Written by Rob Daly | Aug 31, 2017 7:56:49 PM

The BOX Options Exchange has filed a request with the US Securities and Exchange Commission to establish a $1,500 per month booth fee for its recently open-outcry trading floor.

The new trading floor, which located in the Chicago Board of Trade Building in downtown Chicago, opened for trading on August 22 after receiving SEC approval on August 2.

Ed Boyle, BOX Options Exchange

In its current configuration, it can accommodate up to 40 people, Ed Boyle, CEO of BOX, told Markets Media."It can be easily scaled for more should the need arise."

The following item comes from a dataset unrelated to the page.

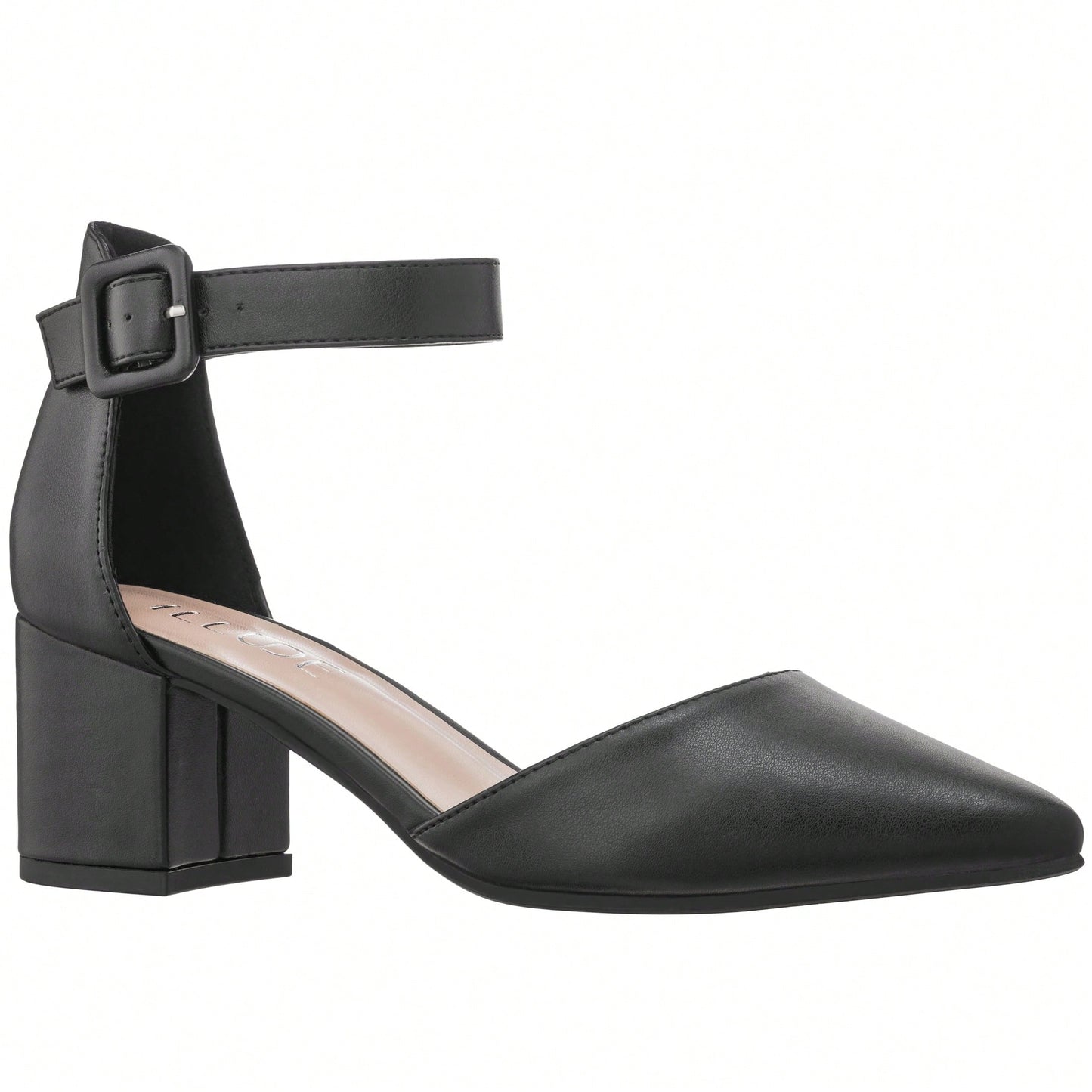 Women Point Toe Chunky Heeled Ankle Strap Pumps Fashionable Pointed Toe Ankle Strap Stiletto Heels Elegant Pumps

Options exchange operator also seeks to specify that its current trading-floor permit fees for floor market makers and floor brokers entitle the participant to one booth space along with the three registered permits.

The exchange expects the booth space to be used by floor participants to perform various functions in support of floor-based trading activities on the exchange and house their workstations, according to the filing.

BOX officials note that all booth spaces will be uniform, identical in size and will contain an equal number of electrical outlets and data ports. For those floor participants who need more booth space will be required to pay an additional trading-floor booth space fee of $1,500 per month.

Although most of the equity options trading has gone electronic, save for the most illiquid trades, BOX officials have stated that providing manual trading would attract more traders to the more complex trades that happen on the exchange.

The exchange's trading floor plan raised the hackles of the Chicago Board Options Exchange, Nasdaq, and the New York Stock Exchange that operate trading pits in Chicago, Philadelphia, as well as New York and San Francisco respectively earlier this summer.

Common complaints filed with the SEC prior to the regulator's approval cited concerns over increasing the complexity of an already highly fragmented market and that the existence of the trading floor would make it easier for floor traders to chase commissions over best execution.

However, Boyle reportedly responded to the criticism by not requiring traders to post continuous electronic quotes if they have a floor presence.